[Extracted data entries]
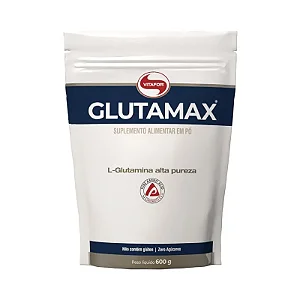 Glutamax Pouch 600g - Vitafor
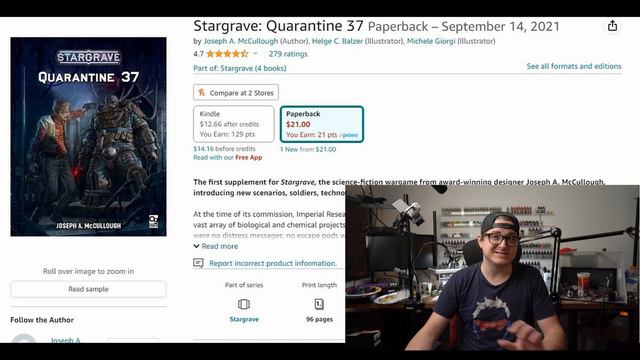 The BEST AMAZON PRIME DAY Miniature Painting and Hobby Deals YOU Should pick up! смотреть онлайн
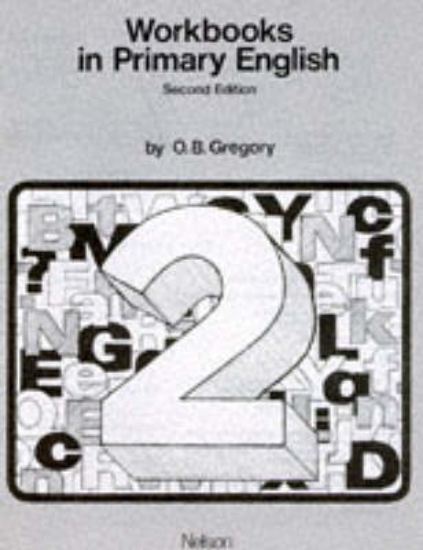Picture of Workbooks in Primary English: Bk.2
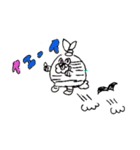 蘇れウサミイラライフ☆（個別スタンプ：8）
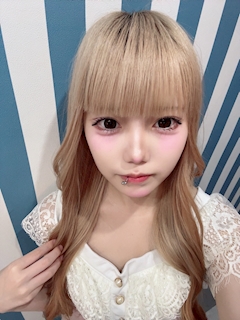 プロフィール写真1・うい｜わんだーらびりんす - 池袋東口のコンカフェ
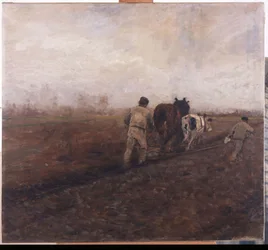 Agriculture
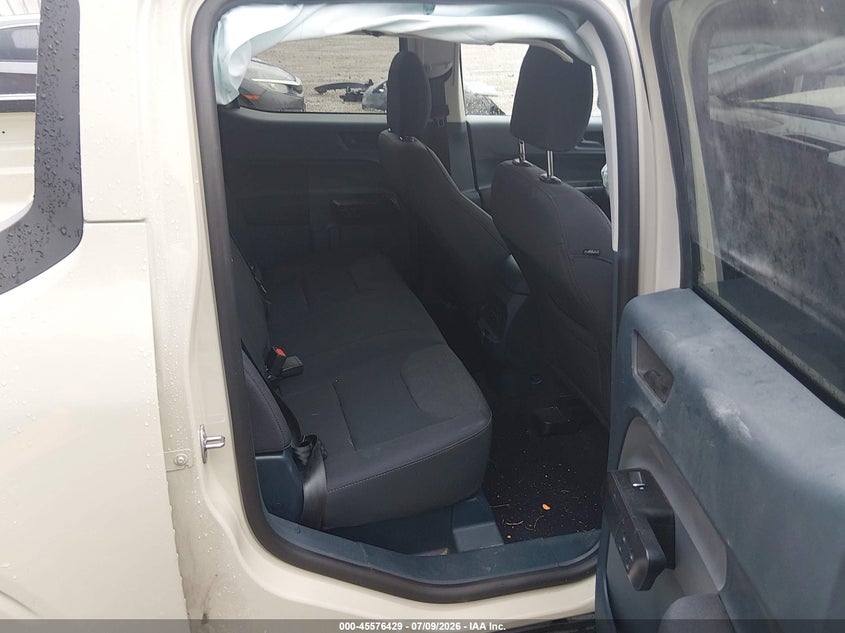 2025 Ford Maverick Xl VIN: 3FTTW8B31SRB65723 Lot: 45576429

> _Work task_: The records must be copied with no word altered, and without their pictures.

> _Response_:
 Glutamax Pouch 600g - Vitafor
 The BEST AMAZON PRIME DAY Miniature Painting and Hobby Deals YOU Should pick up! смотреть онлайн
Picture of Workbooks in Primary English: Bk.2
 蘇れウサミイラライフ☆（個別スタンプ：8）
 プロフィール写真1・うい｜わんだーらびりんす - 池袋東口のコンカフェ
 Agriculture
 2025 Ford Maverick Xl VIN: 3FTTW8B31SRB65723 Lot: 45576429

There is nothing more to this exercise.